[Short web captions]
= = = = =

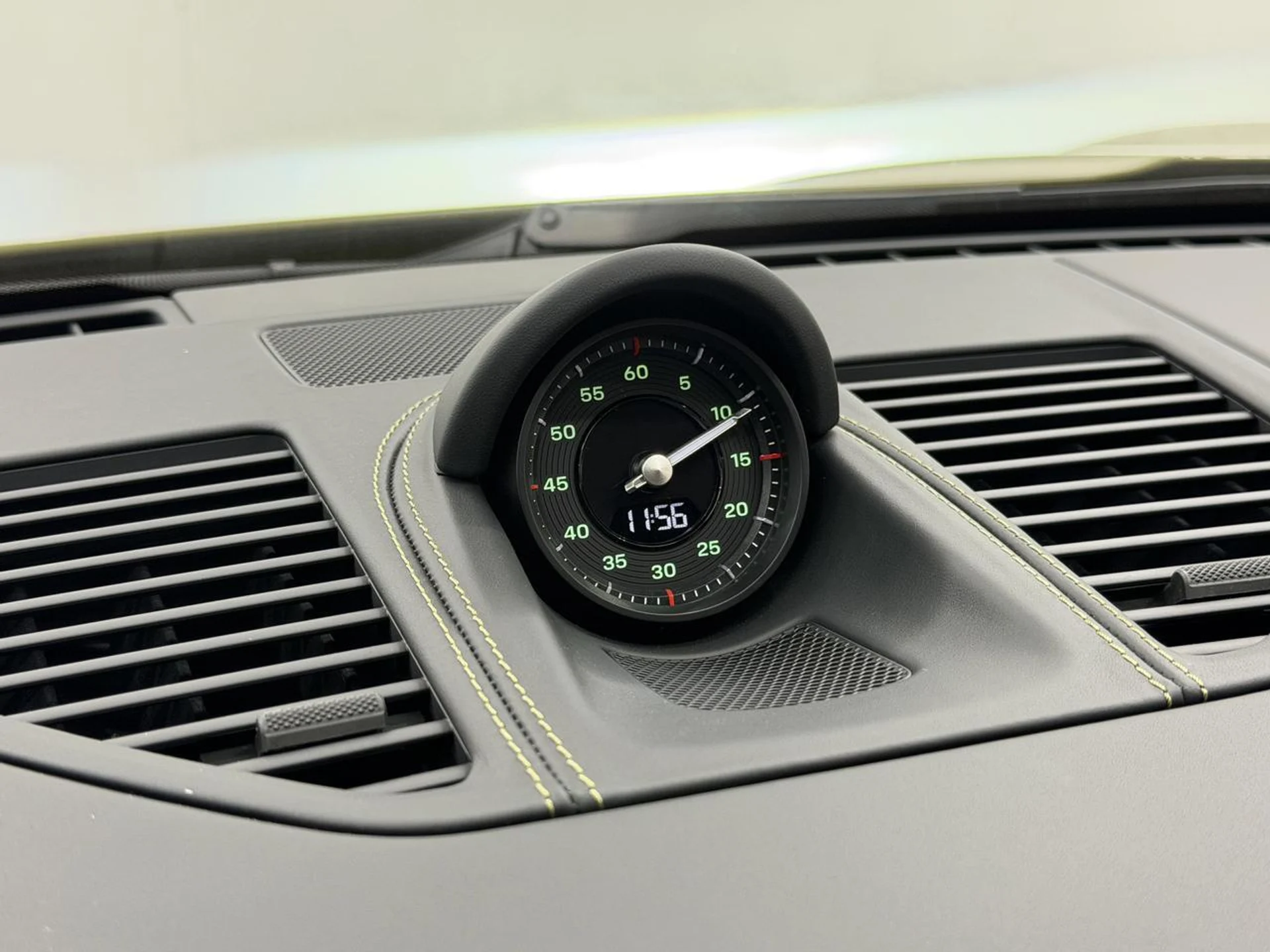 mph071_2999971794_8cfec55d236e0f4aec2060e0308b2ad9_991f14dbda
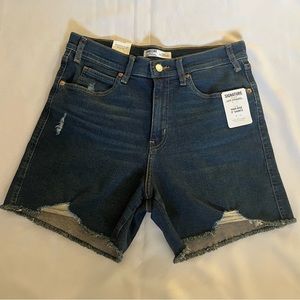 Signature Gold By Levi Strauss & Co Women High Rise 5" Heritage Shorts Size 30”.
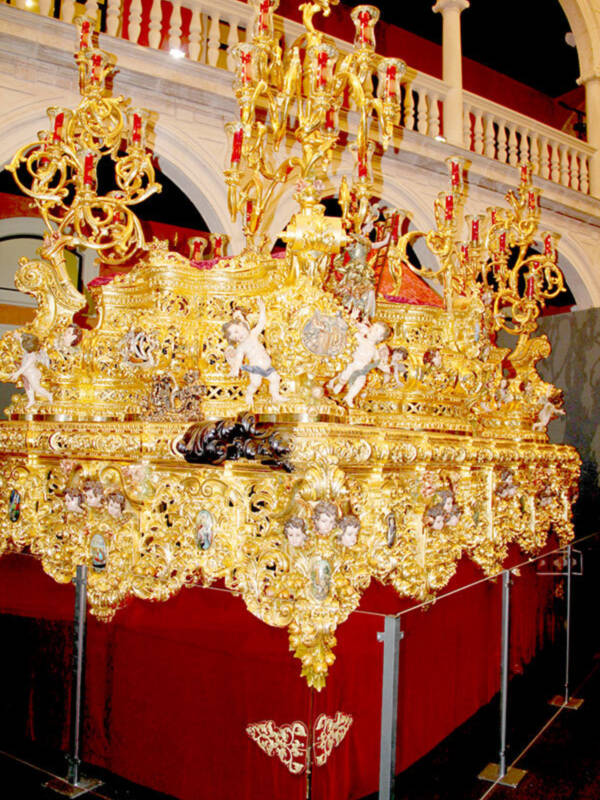La Hermandad de la Sed va a cerrar su cincuentenario con una exposición que llama al corazón y la nostalgia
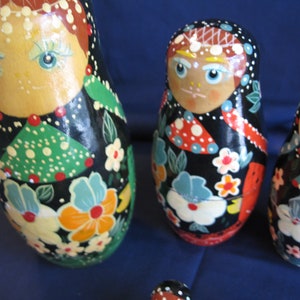 Vintage Nesting  Stacking Russian Matryoshka Folk Dolls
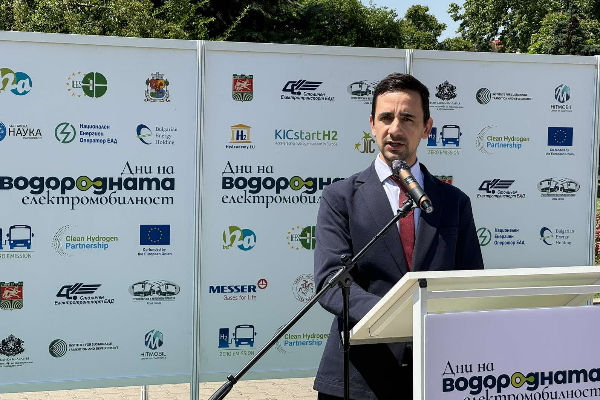 Зам.-кметът Илиян Павлов: София е първият град на Балканите, който тества водороден автобус и има мобилна зарядна станция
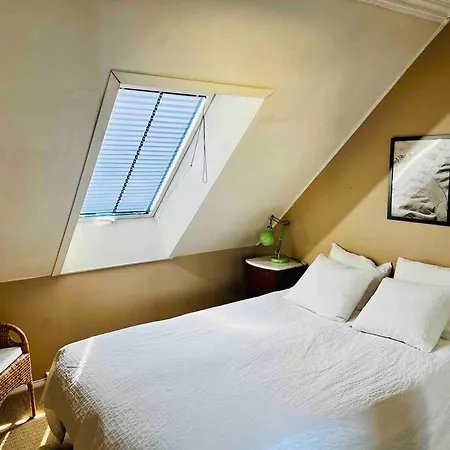 2br With Balconies And Art In Historical Area Leilighet Bergen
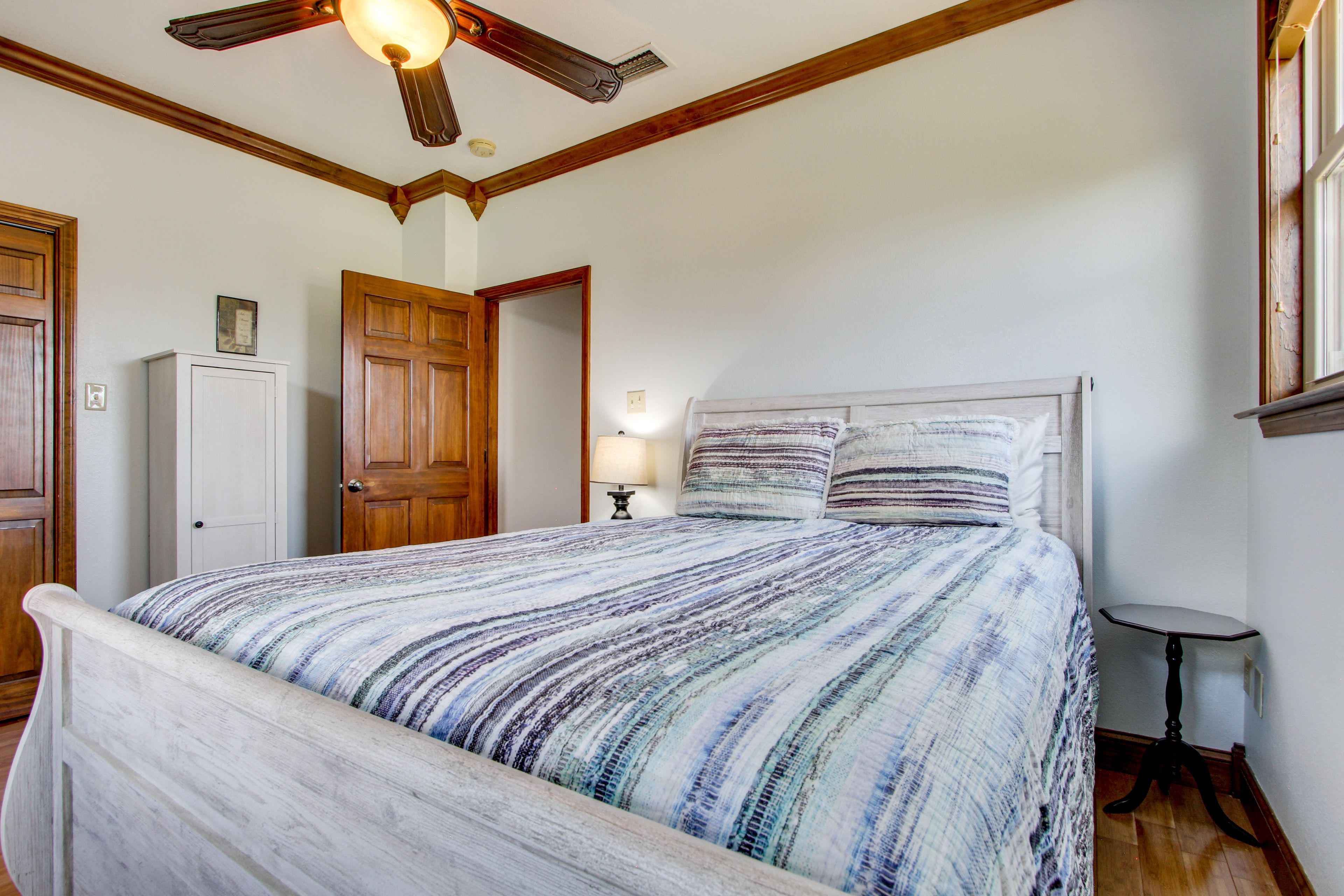 Bedroom 2 | Queen Bed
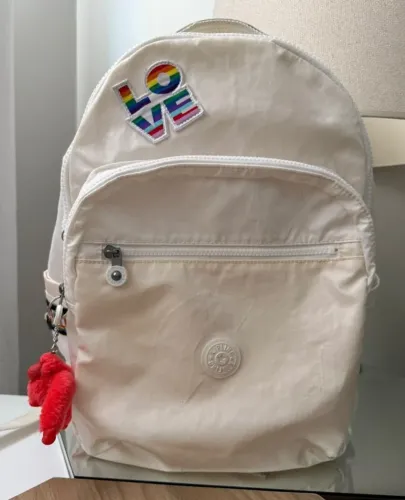 mochila universitaria branca kipling branca altura 45 cm largura 34cm profundidade 20 cm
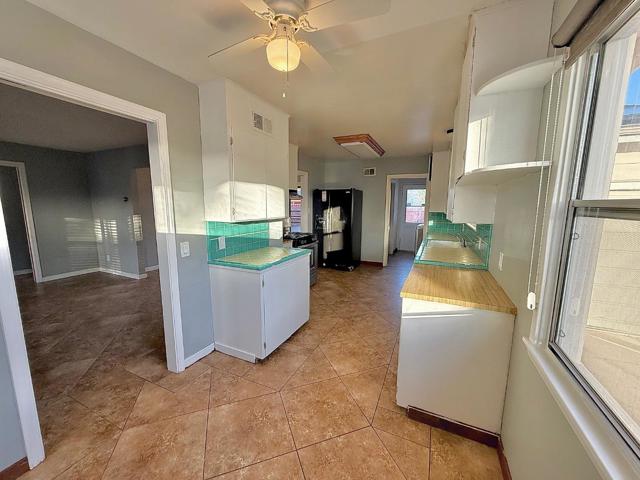 214 Carlson Street, King City CA: https://media.crmls.org/mediaz/1f73b82d-c3cb-45b8-a427-70b11c38c3c9.jpg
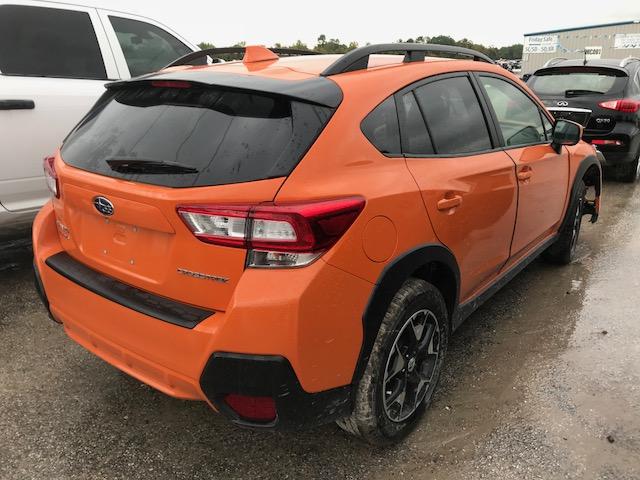 JF2GTADC4JH221329 - 2018 SUBARU CROSSTREK ORANGE photo 4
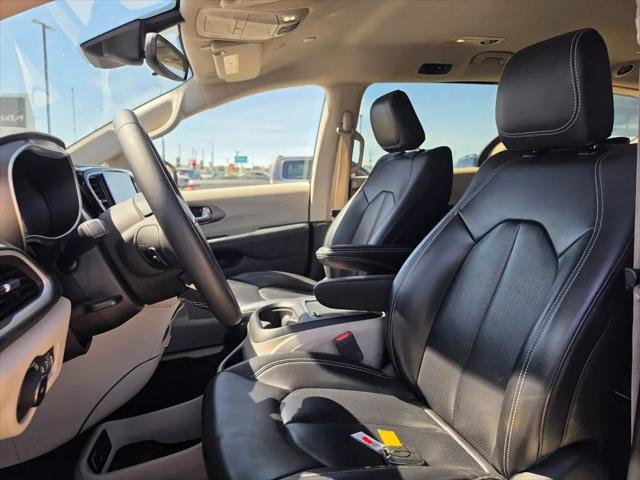 2023 Chrysler Pacifica Hybrid Touring L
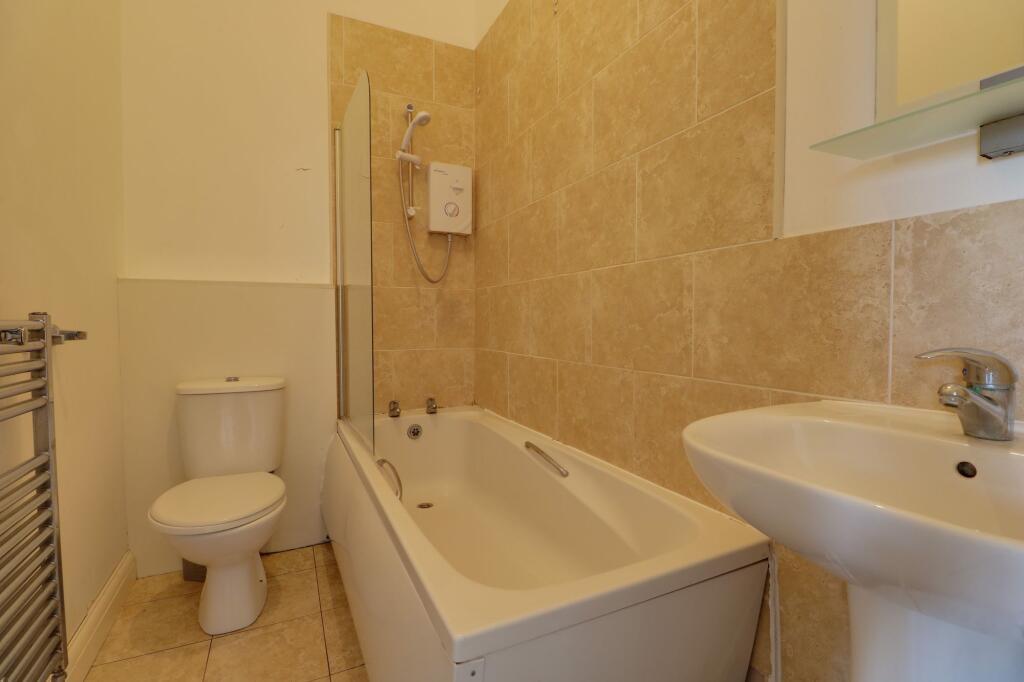 Apartment in Hull - View 4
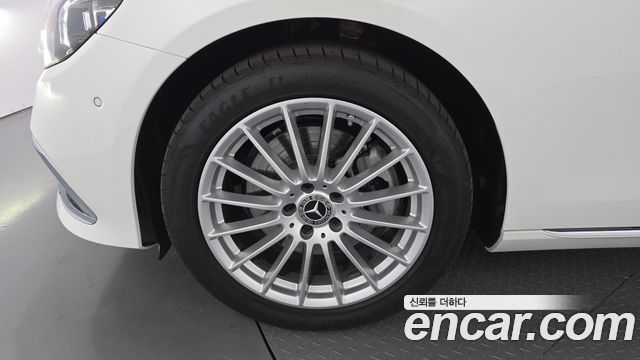 Mercedes-Benz E-Class 2023 — photo 5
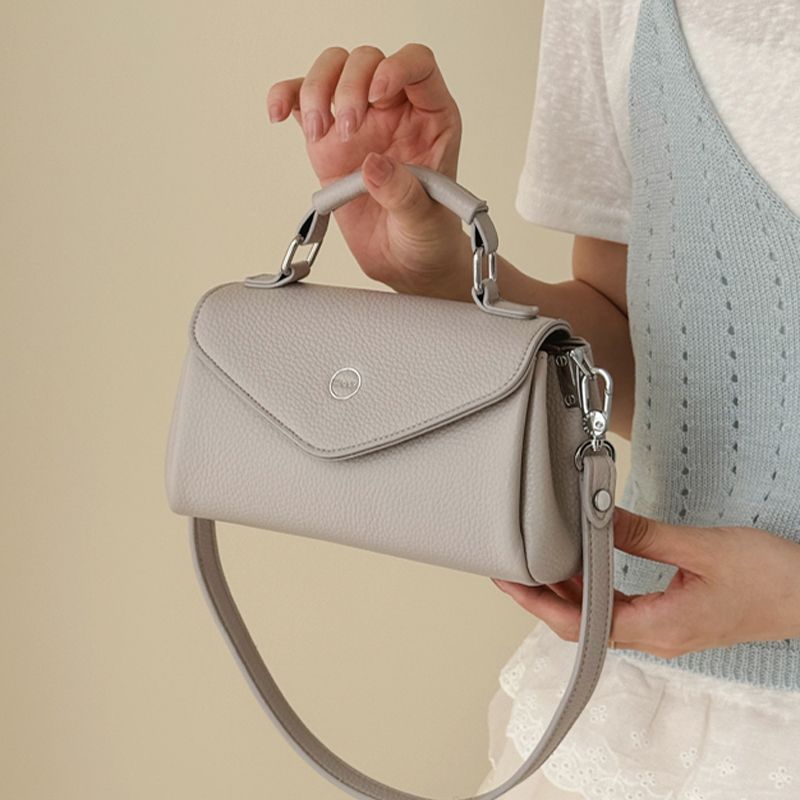 Versatile Solid Color For Women 2026 Summer New Korean Style Fashionable Shoulder Simple Handheld Crossbody Small Square_voghion.com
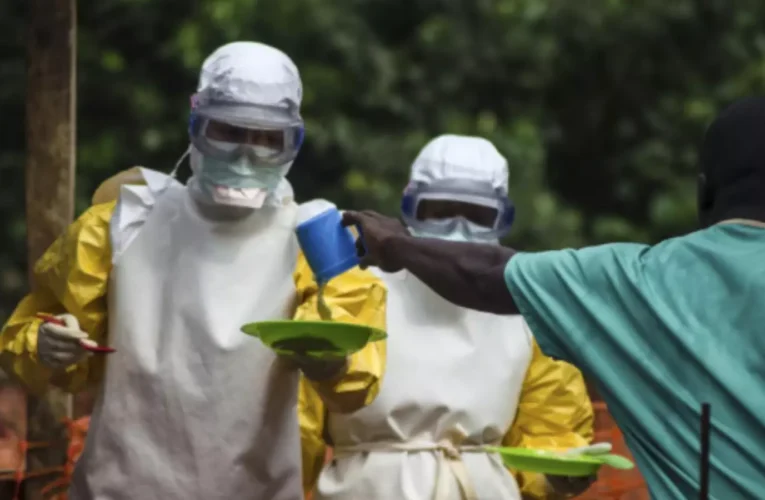 El brote de ébola en la República Democrática del Congo ya deja 864 muertos en medio de una ola de violencia
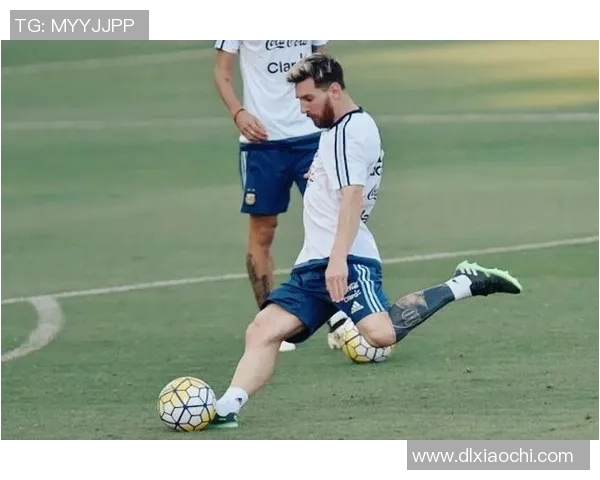 足球明星同款同框图揭秘明星球员的时尚搭配与个人风格展现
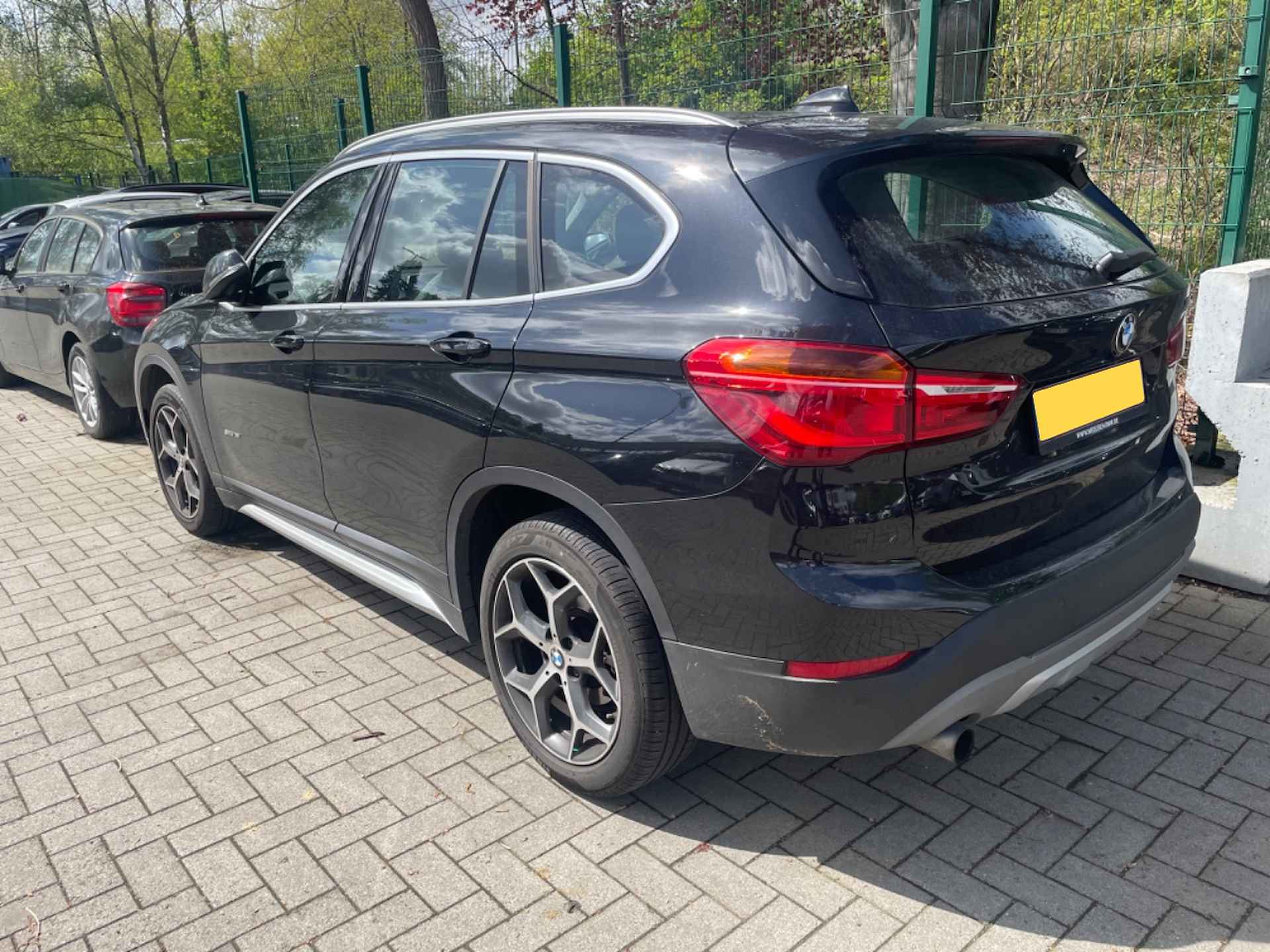 BMW X1 sDRIVE18i CENTENNIAL EXECUTIVE AUT. Leder | Navi | 18" Lichtmetalen velgen - 4/9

= = = = =

Task directions
Exact copy, no pictures. Write out the lines in the entries above, starting with the line with "Mercedes-Benz E-Class 2023 — photo 5" and going on through the line with "Versatile Solid Color", keeping both.

Worked solution
 Mercedes-Benz E-Class 2023 — photo 5
 Versatile Solid Color For Women 2026 Summer New Korean Style Fashionable Shoulder Simple Handheld Crossbody Small Square_voghion.com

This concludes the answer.